Multi-height probing of horizontal flows in the solar photosphere

TL;DR

This paper tackles how to constrain depth-dependent horizontal flows in the solar photosphere by combining multi-height FLCT tracking with spectropolarimetric information from two lines, Fe I $525.0\,\mathrm{nm}$ and Mg I $b2$, across $\log\tau_{500}=0$ to $-4$. Using a realistic MURaM simulation and synthetic spectra, the authors show that velocities inferred from the LOS magnetic field component ($B_z$) tracked across depths reproduce the true horizontal velocities up to the temperature minimum ($\log\tau_{500}=-3$) with high fidelity after temporal and spatial averaging, while tracking temperature fails beyond the lower photosphere. Inference of $B_z$ from the Fe I and Mg I lines yields velocities that correlate well with the simulation for $\log\tau_{500}\approx-1$ to $-2$ (Fe I) and $-3$ to $-4$ (Mg I), respectively, indicating that the two lines complement each other to cover a broad height range; however, velocity amplitudes are systematically underestimated. Divergence estimates from FLCT are notably less reliable, though smoothing improves correlations.
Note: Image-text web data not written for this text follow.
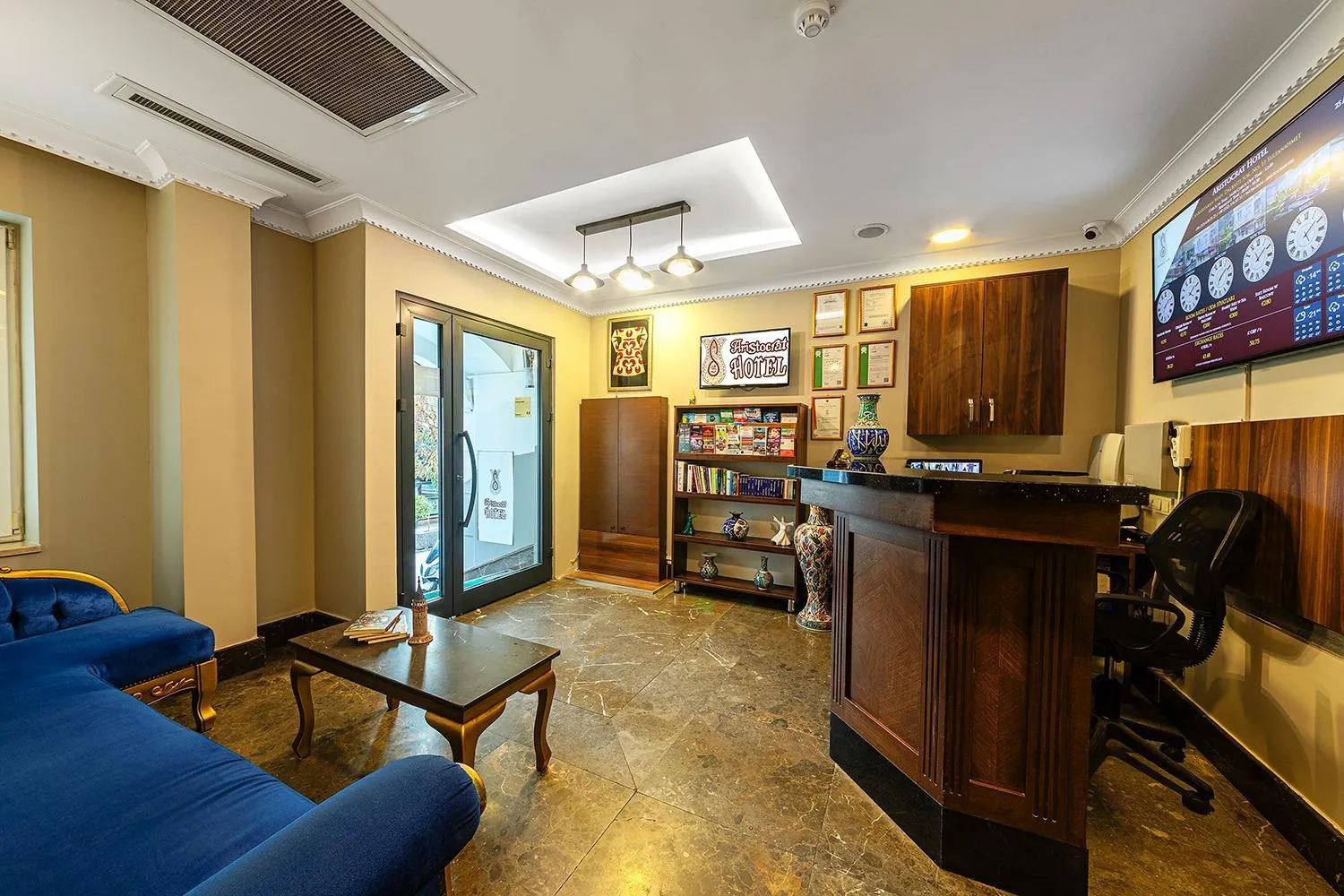 Lobby or reception in Aristocrat Hotel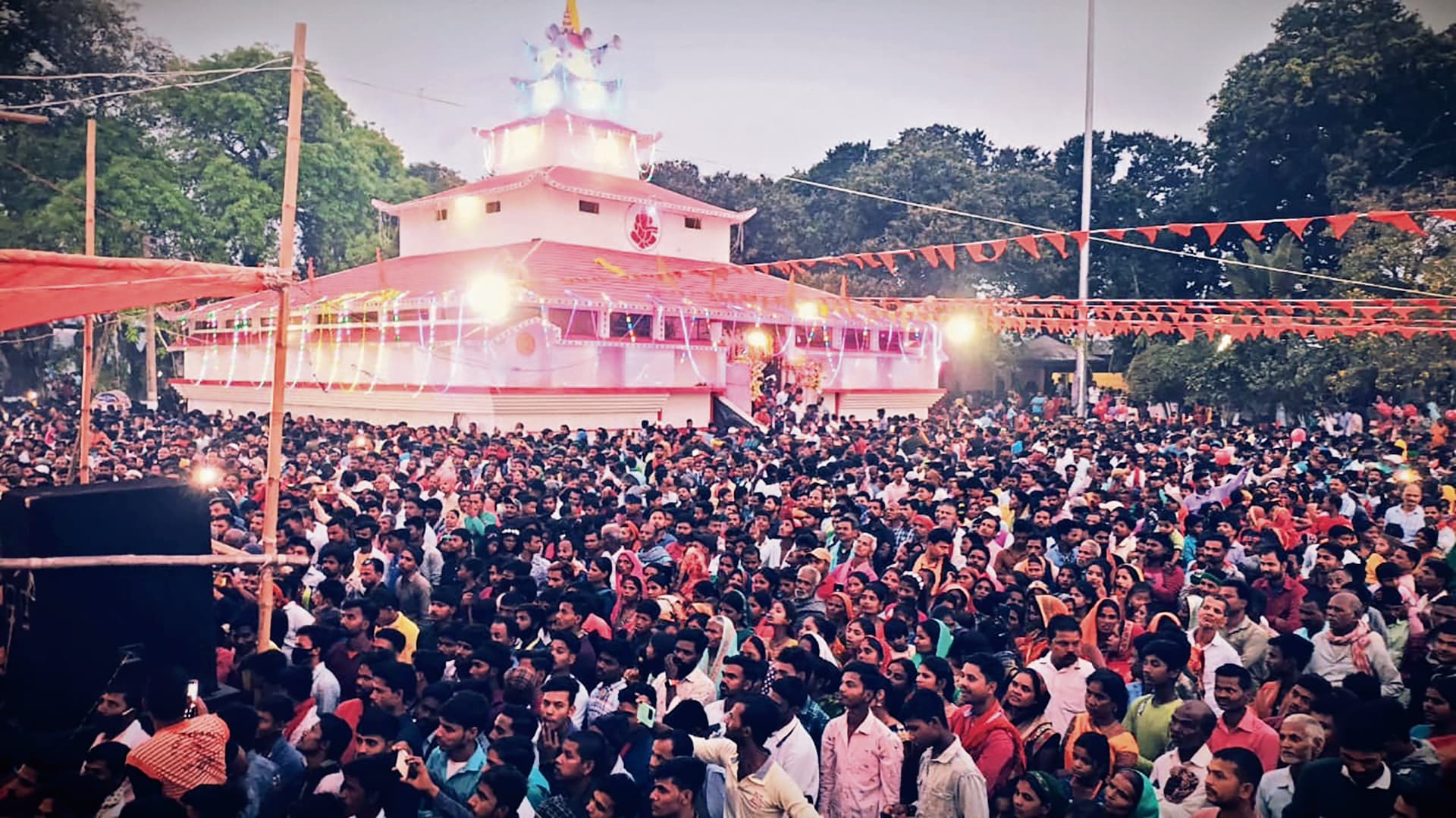 पूर्णिया के ऐतिहासिक नरसिंह स्थल पर मना होलिका महोत्सव, उमड़ी 50,000 से अधिक भक्तों की भीड़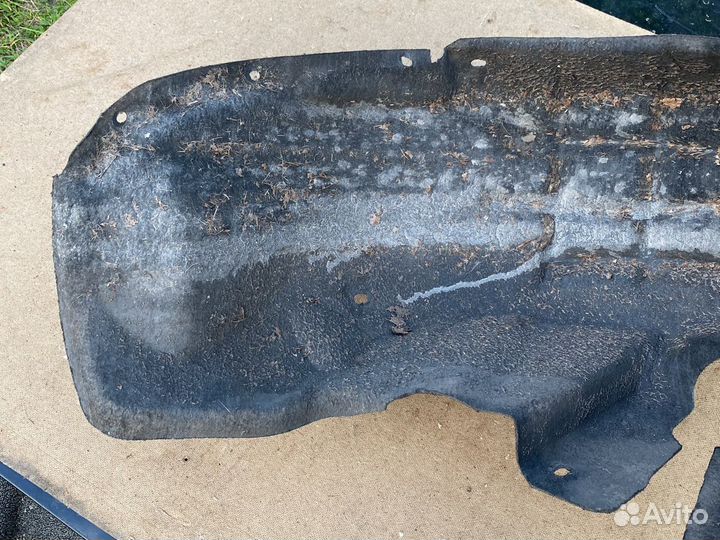 Подкрылок локер задний правый Audi A4 B8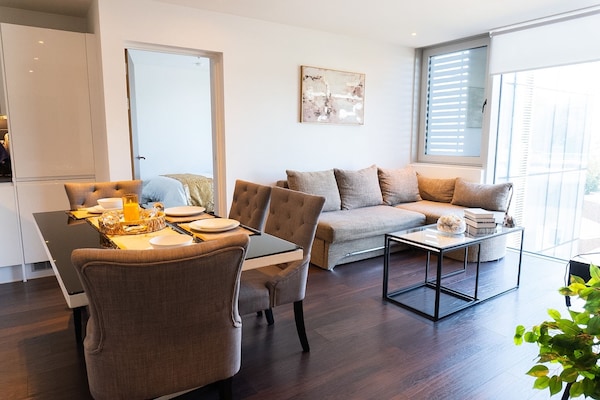 Cosy Colliers Wood Apartment With 2 Bedrooms - London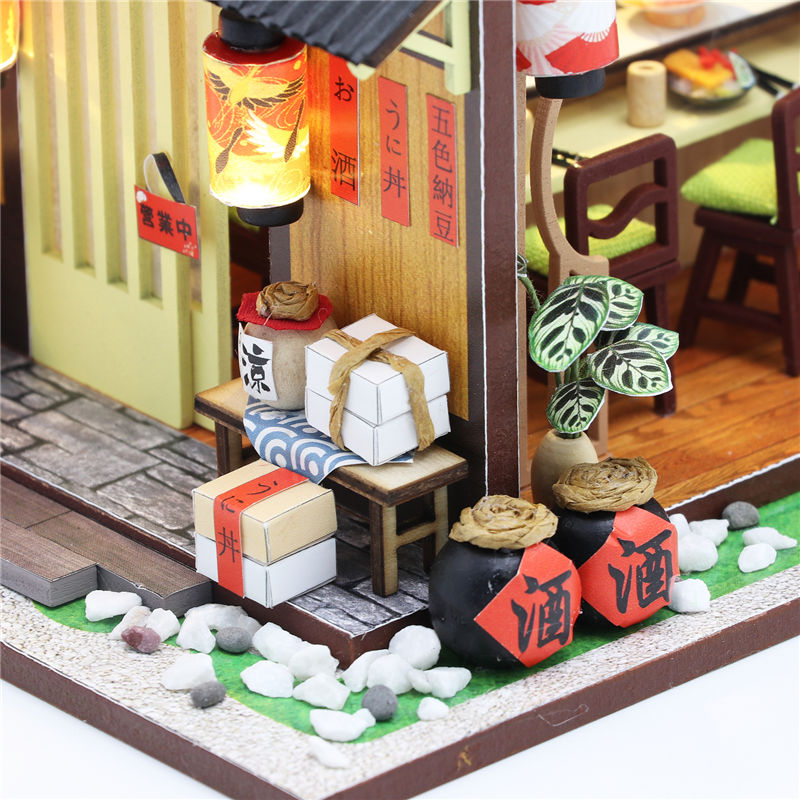 Mô hình nhà DIY Doll House Gibbon Sushi Kèm Mica Chống bụi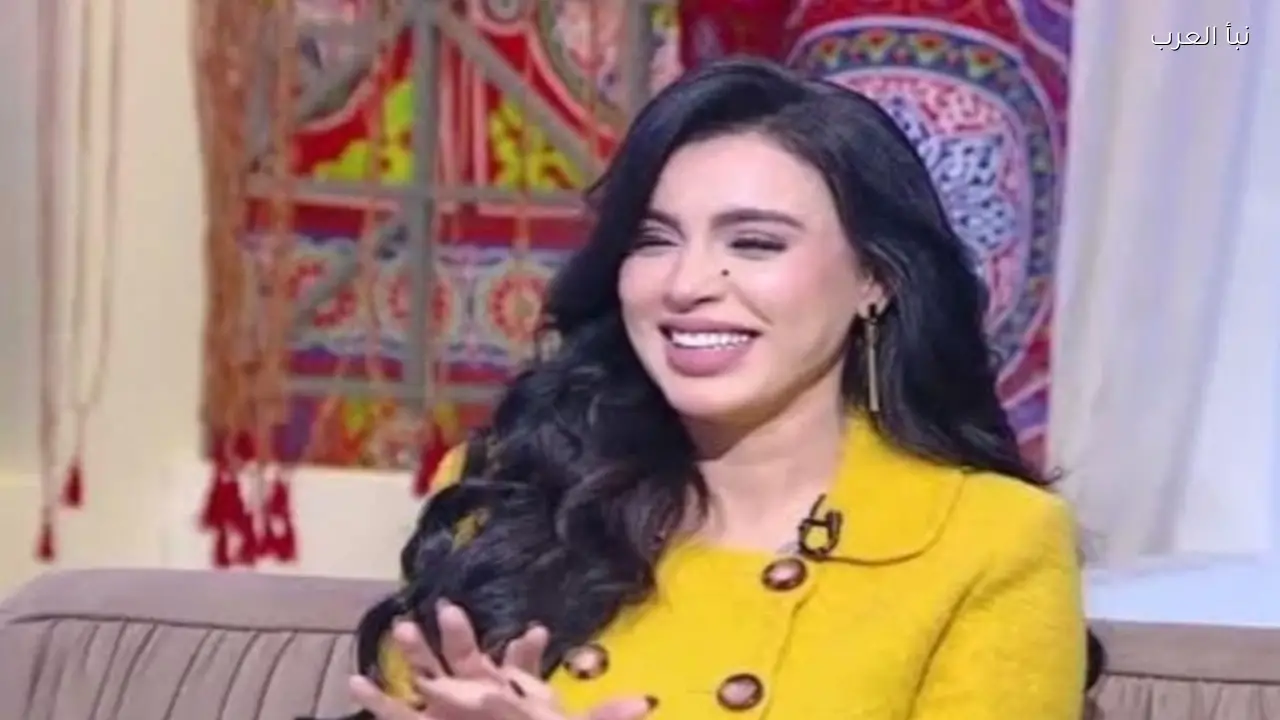 إيمان يوسف ترفض الأدوار الجريئة وتفكر في التعاون مع محمد رمضان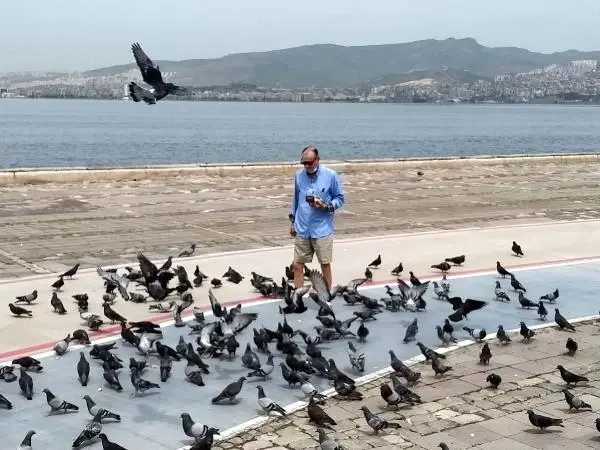 Son dakika haberleri... İzmir'de izinsiz 1 Mayıs gösterilerine 10 gözaltı (2)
The results suggest that high-resolution spectropolarimetric imaging, potentially augmented by AI-based tracking methods, can provide meaningful, height-resolved velocity information with practical implications for solar magnetism, energy transport, and dynamo studies.

Abstract

We tested whether simultaneous spectropolarimetric imaging in two magnetically sensitive optical spectral lines, which probe two different layers of the solar atmosphere (the photosphere and the temperature minimum), can help constrain the depth variation of horizontal flows. We first tested the feasibility of our method using Fourier local correlation tracking (FLCT) to track physical quantities at different optical depths ($\logτ_{500}={-1,-2,-3,-4}$) in an atmosphere simulated with the MURaM code. We then inferred the horizontal distribution of the LOS magnetic field component from synthetic spectropolarimetric observations of Fe I 525.0 nm and Mg I b2 spectral lines, applied FLCT to the time sequence of these synthetic magnetograms, and compared our findings with the original height-dependent horizontal velocities. Tracking the LOS magnetic field component (which coincides with the vertical component at the disk center) yields horizontal velocities that, after appropriate temporal and spatial averaging, agree excellently with the horizontal component of the simulated velocities, both calculated at constant $τ_{500}$ surfaces, up to the temperature minimum ($\logτ_{500}=-3$). When tracking the temperature at constant $τ_{500}$ surfaces, this agreement already breaks down completely at the mid photosphere ($\logτ_{500}=-2$). Tracking the vertical component of the magnetic field inferred from synthetic observations of the Fe I 525.0 nm and the Mg I b2 spectral lines yields a satisfactory inference of the horizontal velocities in the mid-photosphere ($\logτ_{500}\approx-1$) and the temperature minimum ($\logτ_{500}\approx-3$), respectively. Our results indicate that high-spatial-resolution spectropolarimetric imaging in solar spectral lines can provide meaningful information about the horizontal plasma velocities over a range of heights.

Figures (11)

• Figure 1: Temperature, vertical magnetic field, and the three components of the velocity at $\log \tau_{500} = 0$ for the first considered timestep of the simulation. The black square in the upper-right panel marks the region shown in the lower-right panel. Arrows in the lower-right panel indicate horizontal velocities.
• Figure 2: Synthetic observables calculated for the first snapshot in the series. Top left: Continuum image at 517.2 nm. Top middle: Nominal line core of the Mg I b2 line. Top right: Nominal line core of Fe I 525.0 nm line. Bottom left: Spatially averaged spectra of the considered spectral lines, Fe I lines are shifted for clarity. Bottom middle: Circular polarization in the wing of the Mg I line. Bottom right: Circular polarization in the wing of the Fe I line. The upper-row panels are shown in units of the mean quiet-Sun continuum.
• Figure 3: Comparison between the $x$ component of the horizontal velocity retrieved by FLCT applied to intensity maps and the simulated velocity at $\log\tau_{500}=0$. Color maps indicate the magnitude of velocity. Bottom row: Scatter plot showing the least-squares fit between $\vec{v}_o$ and $\vec{v}_f$. Results are shown for two different sizes of apodizing windows: left, $600km$; right, $300km$.
• Figure 4: Same as Fig. \ref{['fig:track_I']}, but for FLCT applied to $B_z$ at $\log\tau_{500}=0$.
• Figure 5: Comparison between the $x$ component of the horizontal velocity retrieved by FLCT using FWHM = 600 km, applied to temperature (top panel), and $B_z$ (middle panel), and the simulated velocity (bottom panel) at $\log\tau_{500}=\{-1, -3\}$.